As inundações, desabamentos e soterramentos resultaram em muitas vítimas e deram prejuízos incalculáveis a níveis de famílias e de recursos públicos que terão que ser desembolsados para consertos inadiáveis.
Os alagamentos de vias trouxeram enormes dissabores pelos tempos perdidos em engarrafamentos de trânsito e pelos acidentes com veículos.
Evitar ou pelo menos amenizar tudo isso sairia bem mais barato e sem dor, se nossas autoridades soubessem ou quisessem planejar e ainda, serem mais firmes com certas proibições.
Morro "descalçado" com barraco em cima é tragédia mais dia menos dia.
Lixo acumulado em encostas é tragédia mais dia menos dia.
Rios, canais e galerias assoreados (obstruídos) é inundação mais dia menos dia.
Nas chuvas de março, a situação de Volta Redonda, infelizmente para nós, não foi mais tranqüila; os números que indicam a precipitação pluviométrica foram excepcionais.
De acordo com os dados registrados na Estação Meteorológica da CSN-INEMET, Aero Clube, comparando as chuvas de janeiro, fevereiro e março do ano passado com as dos meses deste ano, tivemos em milímetros (*) totais de precipitação, somente em Volta Redonda:
1990-janeiro 218; fevereiro 49; março 141
1991-janeiro 255; fevereiro 78; março 375
É bem verdade que a Represa do Funil, em Itatiaia, controla, como pode, a vazão do Rio Paraíba do Sul que nos chega. Lembram-se da grande cheia de 1966 com o Rio Brandão por sobre a rua 41? Naquela época Funil não existia. Na ocasião, o efeito não teve grandes repercussões pela rapidez do evento.
A realidade é que o assoreamento de rios e canais (e até represas) diminui o volume geométrico de suas caixas, consequentemente o volume físico das águas que podem conter.
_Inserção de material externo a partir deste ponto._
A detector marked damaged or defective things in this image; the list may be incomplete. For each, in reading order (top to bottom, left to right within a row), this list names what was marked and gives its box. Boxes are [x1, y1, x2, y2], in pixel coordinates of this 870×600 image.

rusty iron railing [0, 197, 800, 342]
Essa diminuição leva a que, até com menos águas de chuva esses rios e canais transbordem; imaginem com grandes quantidades de chuva!
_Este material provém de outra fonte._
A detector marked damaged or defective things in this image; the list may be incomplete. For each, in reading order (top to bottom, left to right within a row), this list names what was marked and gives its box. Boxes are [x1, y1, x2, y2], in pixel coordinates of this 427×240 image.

O rio maior sempre controla o nível de seus afluentes. No nosso caso, como exemplo, o nível do Rio Paraíba é que vai ditar o nível do Rio Brandão e esse, por sua vez, vai ditar o nível do Córrego Cachoeirinha (Rua 18), e esses todos irão ditar os níveis de tudo que neles desemboca, seja córrego ou um simples tubo de águas pluviais.
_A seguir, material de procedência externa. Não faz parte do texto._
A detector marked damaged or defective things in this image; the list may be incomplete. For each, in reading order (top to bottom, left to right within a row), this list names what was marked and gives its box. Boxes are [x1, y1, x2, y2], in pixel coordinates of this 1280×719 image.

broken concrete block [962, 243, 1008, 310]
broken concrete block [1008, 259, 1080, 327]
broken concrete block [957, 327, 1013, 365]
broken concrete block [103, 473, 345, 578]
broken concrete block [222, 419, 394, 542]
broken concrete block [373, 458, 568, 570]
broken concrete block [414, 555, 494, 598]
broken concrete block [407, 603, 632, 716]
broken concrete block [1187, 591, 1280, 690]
A represa do Funil armazena as contribuições de água de toda a bacia antes dela. Quando o nível da represa atinge um determinado valor crítico, a quantidade de água liberada para a bacia depois dela é aumentada. Essa quantidade, somada às contribuições da bacia depois da represa, é que determina a vazão e o nível do Rio Paraíba em Barra Mansa, Volta Redonda e daí para baixo. A liberação das águas da represa é um trabalho altamente técnico que os empregados do Funil bem sabem fazê-lo; mas, importante é que, se mantenham informados, constantemente, pelos setores técnicos das cidades citadas a juzante (Defesa Civil, Estações de Captação etc.).
A análise do assunto mostra que há dois tipos de combate a se fazerem: às causas e aos efeitos.
O combate às causas é muito mais complicado e longo, porque nele se inserem a pobreza, a destruição criminosa da Natureza em vários aspectos, as tecnologias não apropriadas visando muitas vezes baratear projetos, populismo permissivo etc.
O combate aos efeitos é menos complicado, embora caro e consiste nas obras de manutenção, só que, elas não devem ser feitas apenas como corretivas, mas principalmente, como preventivas, sempre aproveitando-se dos períodos de reconhecida estiagem.
(*) Um milímetro de precipitação pluviométrica (chuva) corresponde a um litro d'água caindo em um metro quadrado do terreno.